Published on

Dimensional Modeling - Part 2: Basic Dimension Table Techniques

Authors
Article Cover
Table of Contents

1. Degenerate Dimension

A degenerate dimension is a concept within data warehousing and database design. It refers to a dimension that consists of a single attribute, typically a key or identifier, found in a fact table. This type of dimension is commonly encountered in scenarios involving transactional or accumulating snapshot fact tables.

For instance, consider a fact table that records sales transactions. In this context, the TransactionId can be regarded as a degenerate dimension. Unlike conventional dimensions, degenerate dimensions lack descriptive information or hierarchical structure.

Furthermore, they don't find a place in any separate dimension table as they are directly associated with the fact records themselves.

This streamlined approach can help reduce join complexity and storage overhead in data warehousing environments.

Fig 1. Illustration for Degenerated Dimension

Fig 1. Illustration for Degenerated Dimension

2. Conformed Dimension

A conformed dimension is descriptive master reference data that’s referenced in multiple dimensional models.

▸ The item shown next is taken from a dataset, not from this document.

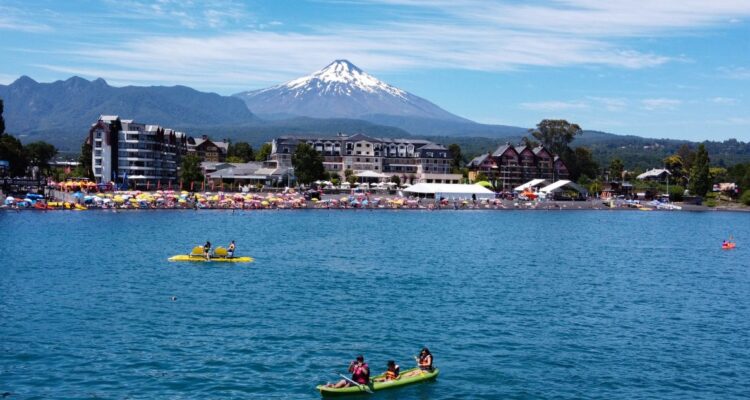 Reunión de alcaldes de zonas lacustres de La Araucanía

Conformed dimensions are a fundamental element of the Kimball approach. Conformed dimensions allow DW/BI users to consistently slice-and-dice performance metrics from multiple business process data sources. Conformed dimensions allow data from different sources to be integrated based on common, unified dimension attributes. Finally, conformed dimensions allow a dimension table to be built and maintained once rather than recreating slightly different versions during each development cycle.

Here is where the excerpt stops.